Origins and Applications of Mindfulness Training
Mindfulness meditation originated in ancient Buddhist traditions that are approximately 2,500 years old. As Buddhism spread across Asia, it evolved into several subtraditions and schools of thought that vary in their specific practices. The three primary branches are described by Kabat-Zinn (2003) as the Theravada tradition, the Mahayana or Zen tradition, and the Vajrayana or Tibetan tradition. The ancient texts that elucidate the nature of mindfulness are core teachings for all of these branches and their subdivisions. These texts describe mindfulness as an attentional stance that is embedded within an ethical framework centered on nonharming of self and others. The practice of mindfulness within this ethical context is believed to cultivate insight into the nature of human suffering and how to relieve it (see also Gunaratana, 2002; Nhat Hanh, 1976).
In recent decades, several forms of Buddhist meditation have been introduced into Western culture (Goldstein, 2002). Westerners who have studied extensively with Buddhist masters in Asian countries have founded meditation centers in North American and Europe, where they offer mindfulness retreats of varying lengths. Guidance and instruction in mindfulness meditation is also available at many wellness centers and mental health facilities. Numerous books for the lay audience describe mindfulness meditation practices (e.g., Goldstein & Kornfield, 1987; Gunaratana, 2002). In addition, as noted earlier, several recently developed structured interventions incorporate mindfulness training and now have considerable empirical support for their efficacy. These interventions are briefly reviewed here.
MBSR
MBSR was developed by Jon Kabat-Zinn (1982, 1990) and first offered in 1979 at the University of Massachusetts Medical School. The goal of the program was to make mindfulness meditation available and accessible in a Western medical setting while remaining true to the essence of Buddhist teachings. Kabat-Zinn had practiced and studied mindfulness meditation for years and began offering a ten-week group program for patients with a wide variety of stress-related and chronic pain conditions who were referred by their physicians because their medical treatment had been unsatisfactory. The program is described as educational rather than a form of psychotherapy and is based on intensive practice of several forms of mindfulness meditation. It also includes didactic instruction on the nature of stress and discussion of how to apply mindfulness to the difficulties of daily life. The program was originally called stress reduction and relaxation because of concerns that meditation wouldn’t be viewed as an acceptable activity for patients in an academic medical center. Now known as MBSR, in its standard form it is an eight-week group program for up to thirty participants with a wide range of stress-related conditions. Groups meet weekly for 2.5-hour sessions, and week six often includes an all-day session.

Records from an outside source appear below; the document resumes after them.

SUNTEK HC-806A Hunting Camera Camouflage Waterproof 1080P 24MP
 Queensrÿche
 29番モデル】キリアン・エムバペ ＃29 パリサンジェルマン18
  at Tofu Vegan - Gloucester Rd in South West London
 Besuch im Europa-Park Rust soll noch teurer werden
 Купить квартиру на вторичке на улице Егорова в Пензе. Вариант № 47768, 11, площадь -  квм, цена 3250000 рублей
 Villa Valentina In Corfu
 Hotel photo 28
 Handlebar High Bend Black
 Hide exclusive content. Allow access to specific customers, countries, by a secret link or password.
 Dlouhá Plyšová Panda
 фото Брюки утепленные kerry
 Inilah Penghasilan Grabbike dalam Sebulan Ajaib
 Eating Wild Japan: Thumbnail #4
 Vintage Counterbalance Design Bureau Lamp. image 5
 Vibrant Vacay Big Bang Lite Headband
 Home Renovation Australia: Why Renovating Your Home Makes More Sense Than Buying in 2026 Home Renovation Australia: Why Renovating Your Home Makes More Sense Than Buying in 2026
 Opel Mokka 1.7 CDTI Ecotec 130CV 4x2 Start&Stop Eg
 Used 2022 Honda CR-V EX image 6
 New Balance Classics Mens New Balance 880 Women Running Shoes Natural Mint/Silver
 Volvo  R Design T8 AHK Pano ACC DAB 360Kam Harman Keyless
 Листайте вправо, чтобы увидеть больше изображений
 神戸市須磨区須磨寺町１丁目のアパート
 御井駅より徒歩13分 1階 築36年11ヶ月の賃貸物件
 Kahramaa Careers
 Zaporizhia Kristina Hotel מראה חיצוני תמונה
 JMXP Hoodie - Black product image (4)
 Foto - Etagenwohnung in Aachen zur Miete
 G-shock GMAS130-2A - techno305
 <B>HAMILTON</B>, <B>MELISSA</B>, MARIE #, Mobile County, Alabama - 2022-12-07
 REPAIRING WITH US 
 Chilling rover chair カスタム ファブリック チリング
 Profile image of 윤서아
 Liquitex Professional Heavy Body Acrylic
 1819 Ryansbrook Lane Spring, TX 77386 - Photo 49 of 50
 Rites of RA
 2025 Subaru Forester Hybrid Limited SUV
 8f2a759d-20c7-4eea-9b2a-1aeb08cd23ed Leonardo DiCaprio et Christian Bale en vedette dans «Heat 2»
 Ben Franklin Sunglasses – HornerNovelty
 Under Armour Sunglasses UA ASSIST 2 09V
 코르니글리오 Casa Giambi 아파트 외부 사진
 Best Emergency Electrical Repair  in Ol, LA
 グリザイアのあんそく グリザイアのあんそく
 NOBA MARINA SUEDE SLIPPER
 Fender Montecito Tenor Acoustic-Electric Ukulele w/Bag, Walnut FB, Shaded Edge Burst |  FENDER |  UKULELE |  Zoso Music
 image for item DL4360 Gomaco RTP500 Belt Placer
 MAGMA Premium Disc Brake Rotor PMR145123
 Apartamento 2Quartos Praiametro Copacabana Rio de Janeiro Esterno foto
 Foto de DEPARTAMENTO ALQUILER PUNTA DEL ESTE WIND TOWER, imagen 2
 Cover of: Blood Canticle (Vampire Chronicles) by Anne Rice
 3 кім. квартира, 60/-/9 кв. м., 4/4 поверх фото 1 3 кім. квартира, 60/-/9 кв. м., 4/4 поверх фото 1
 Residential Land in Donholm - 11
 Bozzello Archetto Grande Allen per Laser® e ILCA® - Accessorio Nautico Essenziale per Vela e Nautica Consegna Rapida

MBSR has been used with many populations in a variety of settings. Medical populations that have shown reduced distress or increased well-being include patients with cancer (Carlson, Speca, Patel, & Goodey, 2003), heart disease (Tacon, McComb, Caldera, & Randolph, 2003), fibromyalgia (Weissbecker et al., 2002), other forms of chronic pain (Kabat-Zinn, 1982), and chronic fatigue syndrome (Surawy, Roberts, & Silver, 2005), as well as mixed medical populations (Reibel, Greeson, Brainard, & Rosenzweig, 2001). Significant benefits for nonclinical populations also have been reported, including mental health and medical professionals and students (Shapiro, Astin, Bishop, & Cordova, 2005; Shapiro, Brown, & Biegel, 2007) and healthy adults with work-related stress (Davidson et al., 2003; Williams, K., 2006).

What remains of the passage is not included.